Instructions for the task:
All records that follow are to be copied exactly, with images omitted.

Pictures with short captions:
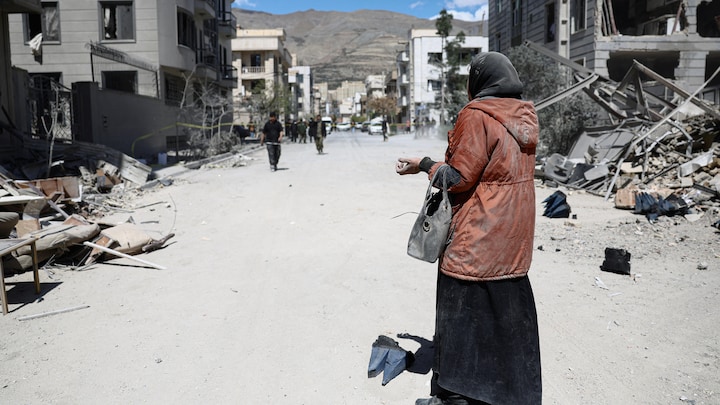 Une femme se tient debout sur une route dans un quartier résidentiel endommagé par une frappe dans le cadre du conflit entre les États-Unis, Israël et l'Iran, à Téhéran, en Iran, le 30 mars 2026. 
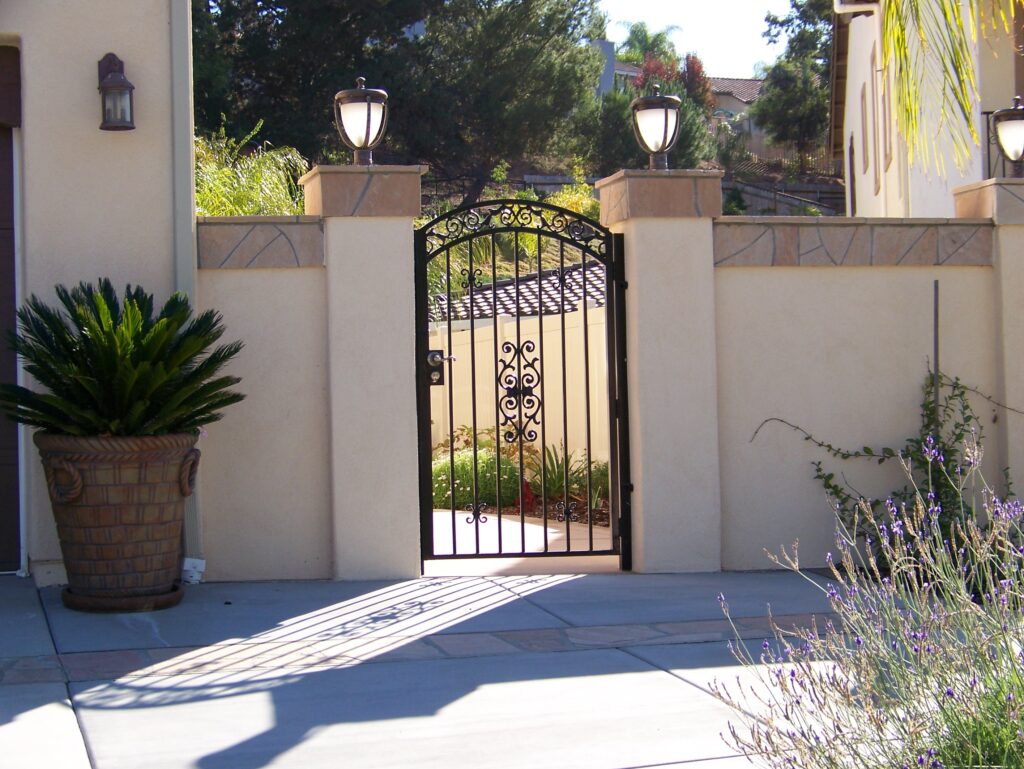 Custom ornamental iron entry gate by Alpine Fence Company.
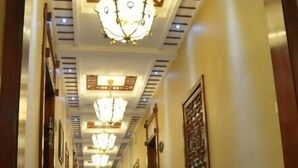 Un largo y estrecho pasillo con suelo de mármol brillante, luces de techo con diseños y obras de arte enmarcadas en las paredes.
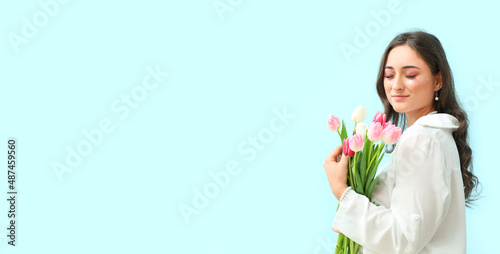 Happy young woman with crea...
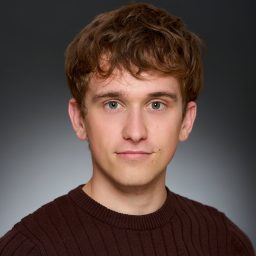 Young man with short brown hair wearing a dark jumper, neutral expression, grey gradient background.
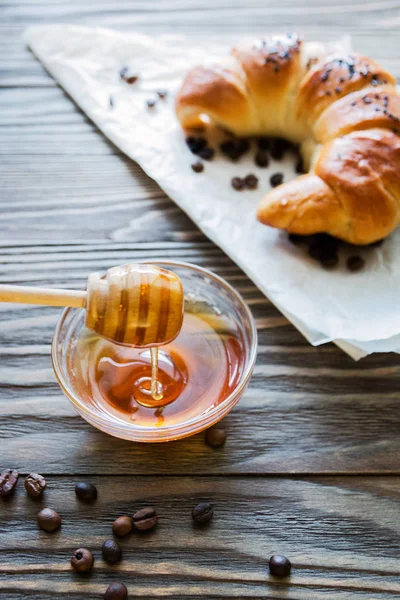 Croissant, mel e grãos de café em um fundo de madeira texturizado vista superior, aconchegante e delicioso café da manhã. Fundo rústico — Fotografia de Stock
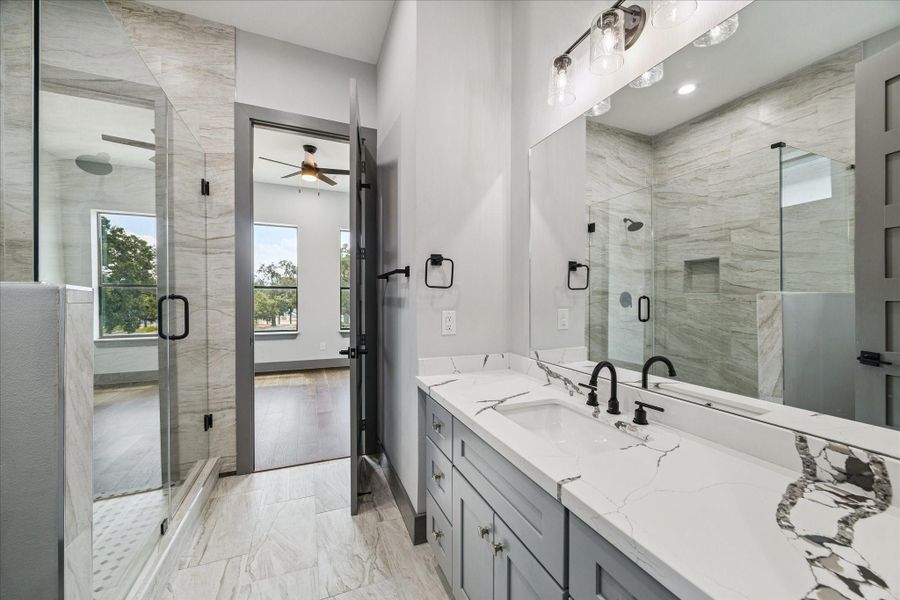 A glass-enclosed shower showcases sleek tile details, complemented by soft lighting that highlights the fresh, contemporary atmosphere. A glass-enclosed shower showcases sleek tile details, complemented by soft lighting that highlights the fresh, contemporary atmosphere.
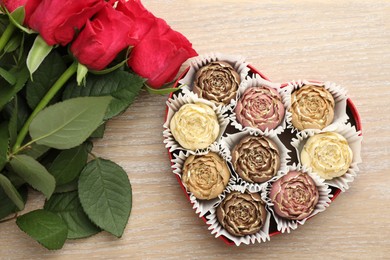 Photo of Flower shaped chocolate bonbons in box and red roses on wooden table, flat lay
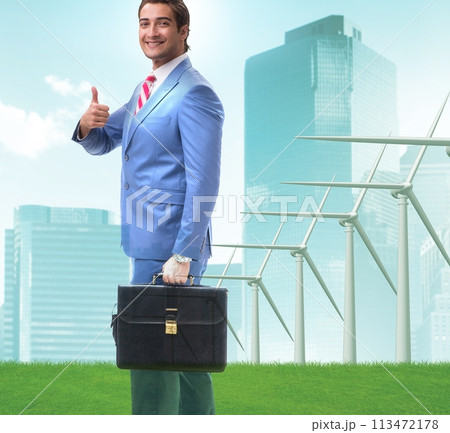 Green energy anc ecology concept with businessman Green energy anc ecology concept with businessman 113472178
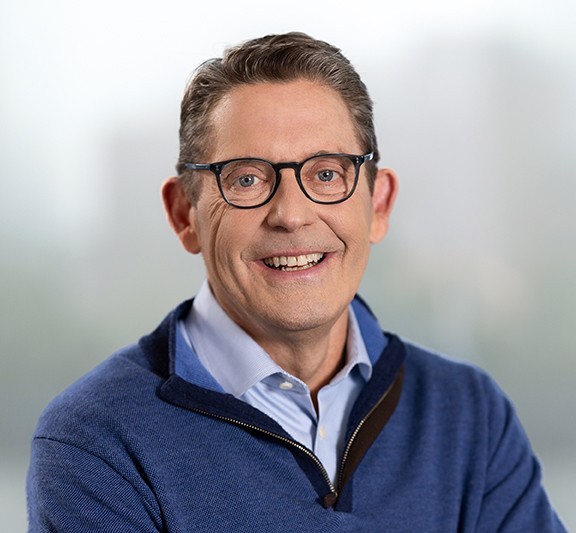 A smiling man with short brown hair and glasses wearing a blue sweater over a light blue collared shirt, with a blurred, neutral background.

Expected output:
 Une femme se tient debout sur une route dans un quartier résidentiel endommagé par une frappe dans le cadre du conflit entre les États-Unis, Israël et l'Iran, à Téhéran, en Iran, le 30 mars 2026. 
 Custom ornamental iron entry gate by Alpine Fence Company.
 Un largo y estrecho pasillo con suelo de mármol brillante, luces de techo con diseños y obras de arte enmarcadas en las paredes.
 Happy young woman with crea...
 Young man with short brown hair wearing a dark jumper, neutral expression, grey gradient background.
 Croissant, mel e grãos de café em um fundo de madeira texturizado vista superior, aconchegante e delicioso café da manhã. Fundo rústico — Fotografia de Stock
 A glass-enclosed shower showcases sleek tile details, complemented by soft lighting that highlights the fresh, contemporary atmosphere. A glass-enclosed shower showcases sleek tile details, complemented by soft lighting that highlights the fresh, contemporary atmosphere.
 Photo of Flower shaped chocolate bonbons in box and red roses on wooden table, flat lay
 Green energy anc ecology concept with businessman Green energy anc ecology concept with businessman 113472178
 A smiling man with short brown hair and glasses wearing a blue sweater over a light blue collared shirt, with a blurred, neutral background.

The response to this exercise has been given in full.